Its unlisted Beijing-based parent, Hanergy Holding Group, buys solar panel-making machines from the Hong Kong-listed subsidiary and then makes solar panels for sale to third parties. For its 2014 financial year, 62 percent of Hanergy Thin Film's sales came via dealings with its parent.
Cancellations of the connected transactions include a $586 million contract to provide equipment and services to its parent company.
Hanergy Thin Film did not project the size of any loss and will disclose the company's interim results at the end of this month. For the first half of 2014, it reported net profit of HK$1.7 billion on revenue of HK$3.2 billion.
Trading of Hanergy's shares has been suspended since May 20 when a 47 percent plunge in its price wiped out HK$144.3 billion of its market capitalization value in minutes.
Prior to the drop, Hanergy had surged more than sixfold in a year, making Chairman Li Hejun in less than two years leapfrog entrepreneurs such as Alibaba Group Holding Ltd's Jack Ma to the top of China's rich lists.
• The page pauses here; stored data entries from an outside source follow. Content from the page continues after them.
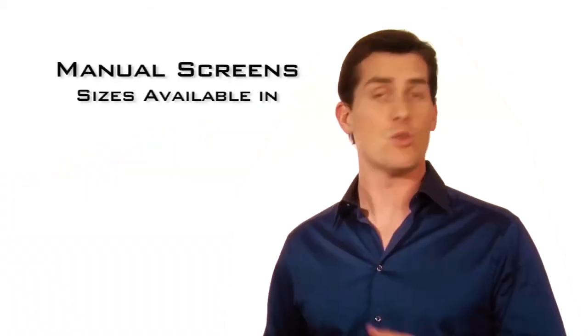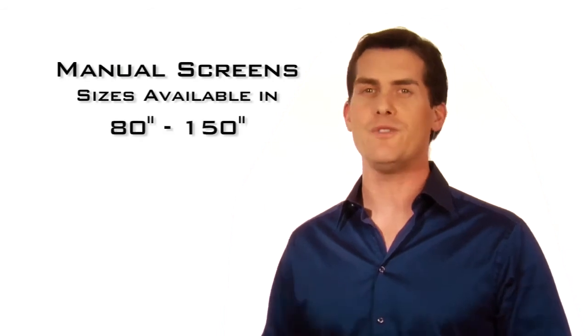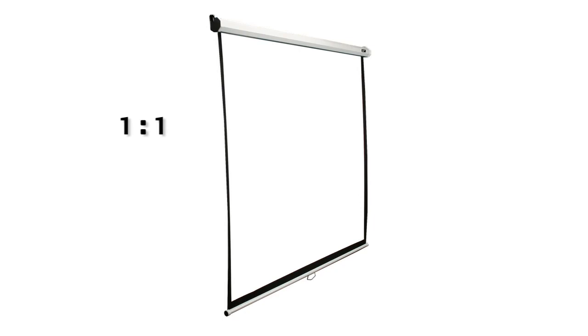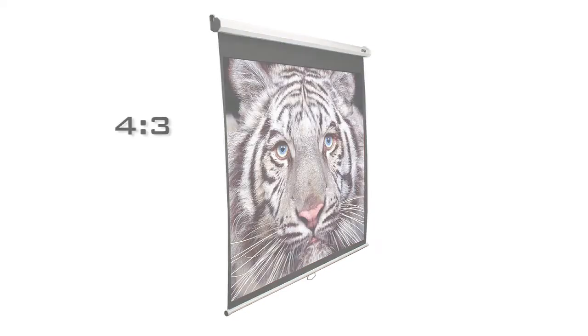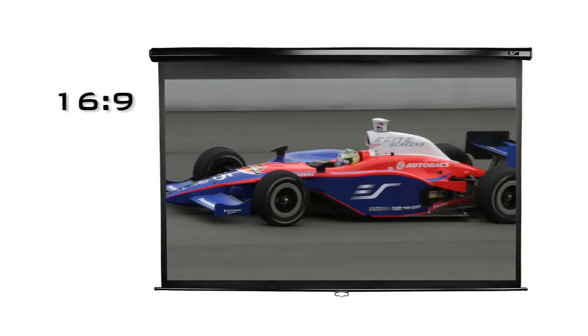Manual screen sizes are available from 80 to 150 inches with your choice of 1:1 overhead projector, 4:3 NTSC aspect ratio for commercial presentations, or 16:9 HDTV home theater format. This product has been extremely popular.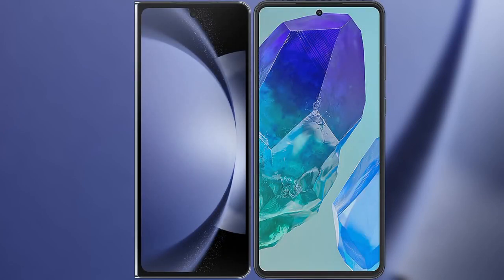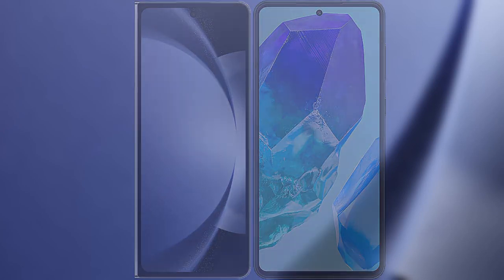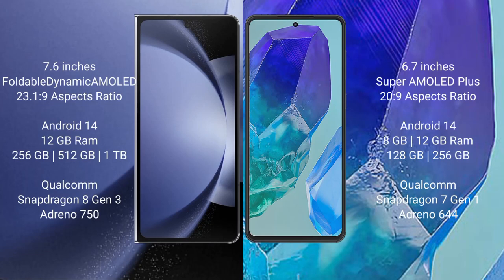I will compare the new Samsung Galaxy Z Fold 6 with Samsung Galaxy M55. Samsung Galaxy Z Fold 6 comes with a 7.6-inch foldable dynamic AMOLED display at 6x pressure 21x9. Samsung Galaxy M55 comes with a 6.7-inch Super AMOLED Plus display at 6x pressure 21x9.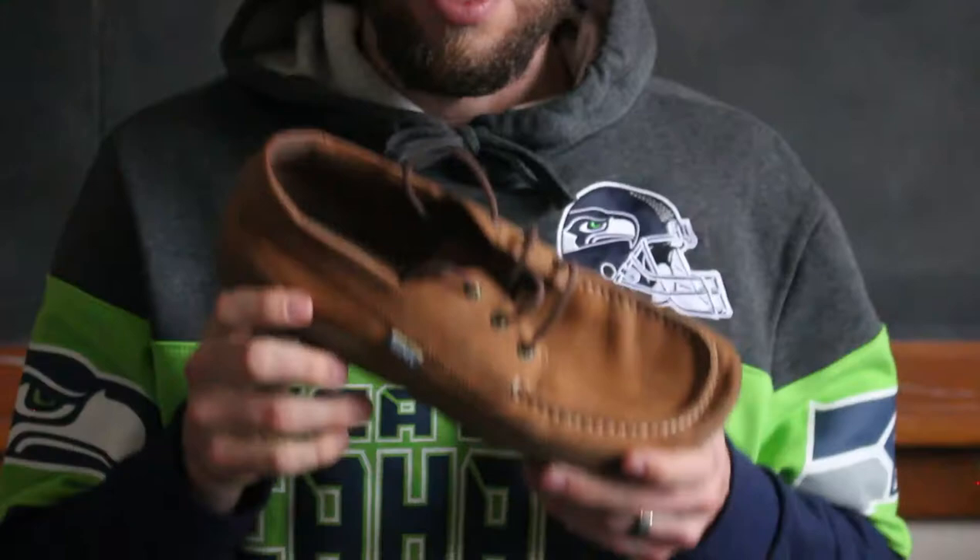What's up everybody, Dr. Houlihan here again to do another barefoot shoe review. I've got three pairs of shoes from one of my favorite brands, LEMS. Today I've got the LEMS Mariner, the LEMS Boulder Boot, and the LEMS Chukka Boot.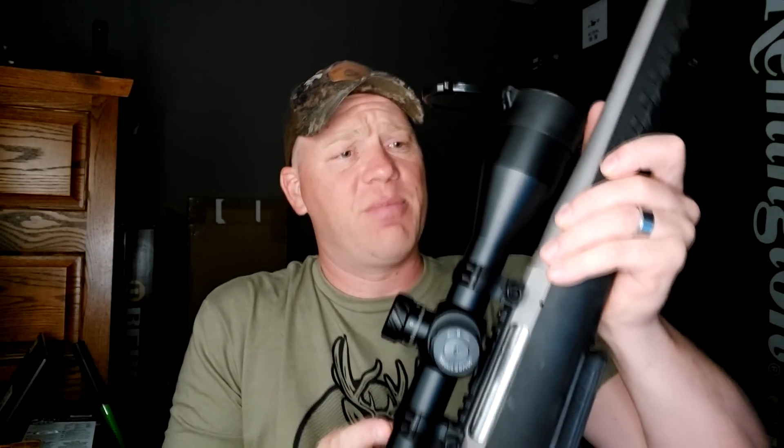Hey everybody, how you doing? This is about to be a really fun video — I've been waiting for this for quite some time and I finally got the time to do it. Let's cut straight to the chase: super rare Ruger American Alaskan in 338 Win Mag, right on three primal.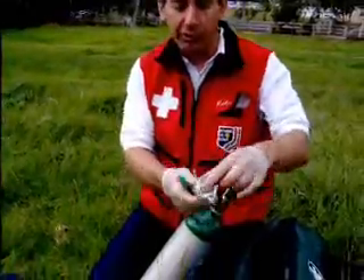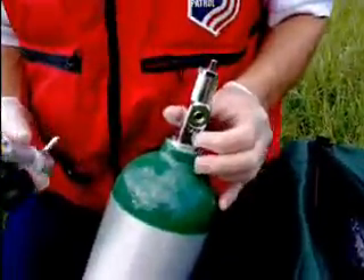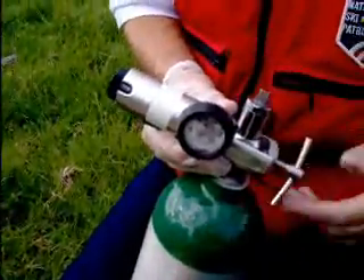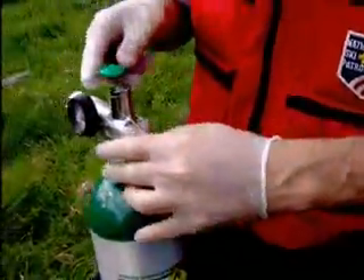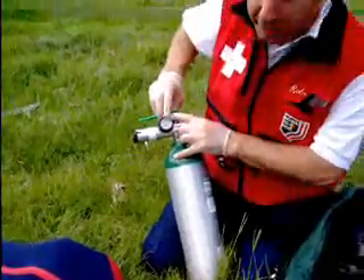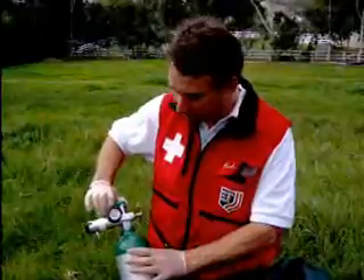To put it on, you'll notice that there are two pins here. They correspond with two pins on the opening. Simply put it in until it indexes in, tighten it up, set the flow off, and turn it on. You can now see the pressure. A full cylinder will be approximately 2000 PSI. Below 500 PSI, we don't use it anymore.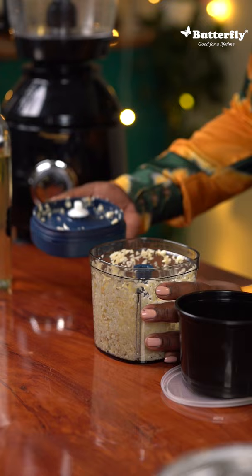The best way to preserve garlic is a little bit of oil. Just give it a quick mix and pack it in an airtight container. Label your container and it's ready to go in the fridge.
The Chinese maker of solar products, which is being investigated by Hong Kong's Securities & Futures Commission, is still awaiting regulatory approval for its reorganization proposal presented to the special administrative region's stock market regulator last month, it said in the statement warning of the loss.
"Some investors and analysts had questioned Hanergy's relationship with its parent. Having suspended contracts with its parent company and affiliates, it is no surprise that the Hong Kong-listed unit might swing to a first-half net loss this year," said Hanna Li Waihan, a strategist at UOB Kay Hian (Hong Kong) Ltd.
In a bid to resume the stock trading, Li said the company may release more financial documents and meet other requirements from the SFC.
However, Li said he believed the company is likely to see further losses in the short term even if its trading is resumed, since the subsidiary may find it difficult to find a client who can buy most of its gear and contribute to the majority of its revenue as its parent company did.
Despite sounding a note of caution over the possible loss, the solar company said in the statement "the board is of the opinion that the group's overall business operation is still functioning normally, and the group's financial conditions are sound."
The company said last month it may launch a judicial challenge to a decision by the SFC to suspend its share trading indefinitely. In a statement on July 16 signed by Li Hejun, it refused to hand over the additional documents on the financial health of the parent, which is one of the requirements for the stock to resume trading.